DATA SHOWN
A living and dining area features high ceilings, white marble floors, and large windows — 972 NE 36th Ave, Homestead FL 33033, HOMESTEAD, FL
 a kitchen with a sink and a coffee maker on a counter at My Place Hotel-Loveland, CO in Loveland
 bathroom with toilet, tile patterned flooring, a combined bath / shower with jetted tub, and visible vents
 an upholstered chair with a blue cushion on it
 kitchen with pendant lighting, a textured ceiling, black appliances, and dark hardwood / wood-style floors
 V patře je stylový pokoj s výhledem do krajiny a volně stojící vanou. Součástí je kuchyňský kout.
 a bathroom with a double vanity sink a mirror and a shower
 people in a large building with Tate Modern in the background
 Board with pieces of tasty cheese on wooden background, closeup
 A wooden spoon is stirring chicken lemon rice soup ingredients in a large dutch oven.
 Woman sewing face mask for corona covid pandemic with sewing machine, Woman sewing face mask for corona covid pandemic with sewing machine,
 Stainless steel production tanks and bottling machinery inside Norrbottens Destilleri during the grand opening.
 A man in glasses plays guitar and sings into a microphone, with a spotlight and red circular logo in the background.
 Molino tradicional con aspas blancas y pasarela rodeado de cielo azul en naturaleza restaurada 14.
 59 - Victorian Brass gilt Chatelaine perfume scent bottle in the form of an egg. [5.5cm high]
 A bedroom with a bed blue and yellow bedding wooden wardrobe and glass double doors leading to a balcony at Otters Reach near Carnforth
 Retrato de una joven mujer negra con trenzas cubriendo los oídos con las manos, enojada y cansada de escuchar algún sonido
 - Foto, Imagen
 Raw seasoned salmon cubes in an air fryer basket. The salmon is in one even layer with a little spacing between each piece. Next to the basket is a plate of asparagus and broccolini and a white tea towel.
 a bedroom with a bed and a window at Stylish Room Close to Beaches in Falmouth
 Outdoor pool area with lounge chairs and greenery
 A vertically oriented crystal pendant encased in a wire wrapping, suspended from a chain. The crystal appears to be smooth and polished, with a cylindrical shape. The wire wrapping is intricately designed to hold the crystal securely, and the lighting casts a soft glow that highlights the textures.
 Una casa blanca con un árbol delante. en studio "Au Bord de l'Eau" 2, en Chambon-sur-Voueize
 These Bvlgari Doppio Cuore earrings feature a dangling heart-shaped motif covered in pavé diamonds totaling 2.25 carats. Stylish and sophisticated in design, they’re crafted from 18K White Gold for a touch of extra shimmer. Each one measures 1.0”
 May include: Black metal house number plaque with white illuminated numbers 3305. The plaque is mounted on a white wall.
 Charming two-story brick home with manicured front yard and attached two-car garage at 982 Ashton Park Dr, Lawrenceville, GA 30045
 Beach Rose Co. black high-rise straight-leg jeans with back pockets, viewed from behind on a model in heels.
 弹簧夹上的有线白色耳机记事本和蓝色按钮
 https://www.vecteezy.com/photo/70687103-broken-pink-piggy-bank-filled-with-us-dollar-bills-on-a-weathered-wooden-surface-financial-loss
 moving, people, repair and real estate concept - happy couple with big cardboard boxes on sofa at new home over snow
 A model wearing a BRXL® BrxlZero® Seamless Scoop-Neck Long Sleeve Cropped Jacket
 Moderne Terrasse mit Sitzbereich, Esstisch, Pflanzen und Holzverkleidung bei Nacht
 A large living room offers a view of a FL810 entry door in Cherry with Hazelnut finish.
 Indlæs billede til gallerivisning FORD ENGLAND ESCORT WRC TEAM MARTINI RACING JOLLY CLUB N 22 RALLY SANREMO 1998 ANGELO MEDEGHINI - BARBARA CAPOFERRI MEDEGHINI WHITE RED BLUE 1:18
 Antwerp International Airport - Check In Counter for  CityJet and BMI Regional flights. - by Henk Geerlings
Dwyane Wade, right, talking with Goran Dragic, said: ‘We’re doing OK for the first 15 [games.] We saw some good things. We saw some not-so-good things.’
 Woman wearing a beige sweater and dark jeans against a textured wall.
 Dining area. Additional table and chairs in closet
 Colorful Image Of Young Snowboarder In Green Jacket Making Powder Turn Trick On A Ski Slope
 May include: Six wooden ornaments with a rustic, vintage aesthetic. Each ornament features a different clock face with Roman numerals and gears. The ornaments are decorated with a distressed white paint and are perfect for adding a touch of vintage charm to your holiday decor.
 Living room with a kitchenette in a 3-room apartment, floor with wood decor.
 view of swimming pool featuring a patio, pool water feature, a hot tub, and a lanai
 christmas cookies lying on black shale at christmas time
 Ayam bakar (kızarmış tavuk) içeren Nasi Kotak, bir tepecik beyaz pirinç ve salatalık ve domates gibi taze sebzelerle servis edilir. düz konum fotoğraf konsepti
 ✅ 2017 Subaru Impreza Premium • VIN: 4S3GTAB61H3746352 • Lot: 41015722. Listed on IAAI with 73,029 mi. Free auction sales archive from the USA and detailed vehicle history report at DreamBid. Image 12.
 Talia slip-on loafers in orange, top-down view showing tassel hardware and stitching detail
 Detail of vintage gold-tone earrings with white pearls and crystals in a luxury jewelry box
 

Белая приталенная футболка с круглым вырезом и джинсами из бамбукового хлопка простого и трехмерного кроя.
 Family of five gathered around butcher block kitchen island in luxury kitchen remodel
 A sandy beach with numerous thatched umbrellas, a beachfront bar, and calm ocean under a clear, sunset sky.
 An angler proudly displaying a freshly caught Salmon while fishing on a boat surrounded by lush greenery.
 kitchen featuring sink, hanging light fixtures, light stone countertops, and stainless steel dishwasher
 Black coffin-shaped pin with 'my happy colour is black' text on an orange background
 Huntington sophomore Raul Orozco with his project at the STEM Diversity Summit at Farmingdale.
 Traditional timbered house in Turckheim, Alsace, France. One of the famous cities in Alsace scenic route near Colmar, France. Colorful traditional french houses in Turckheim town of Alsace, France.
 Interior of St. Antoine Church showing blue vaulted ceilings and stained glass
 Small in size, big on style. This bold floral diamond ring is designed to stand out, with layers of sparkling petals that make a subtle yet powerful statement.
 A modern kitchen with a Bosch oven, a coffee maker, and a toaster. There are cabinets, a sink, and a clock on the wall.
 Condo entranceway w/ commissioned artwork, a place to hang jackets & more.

EXERCISE DIRECTIONS
Set down, from the entries above, exactly the lines from the one with "bathroom with toilet, tile" up to and including the one with "Board with pieces", and no other lines.

SOLVED EXERCISE
 bathroom with toilet, tile patterned flooring, a combined bath / shower with jetted tub, and visible vents
 an upholstered chair with a blue cushion on it
 kitchen with pendant lighting, a textured ceiling, black appliances, and dark hardwood / wood-style floors
 V patře je stylový pokoj s výhledem do krajiny a volně stojící vanou. Součástí je kuchyňský kout.
 a bathroom with a double vanity sink a mirror and a shower
 people in a large building with Tate Modern in the background
 Board with pieces of tasty cheese on wooden background, closeup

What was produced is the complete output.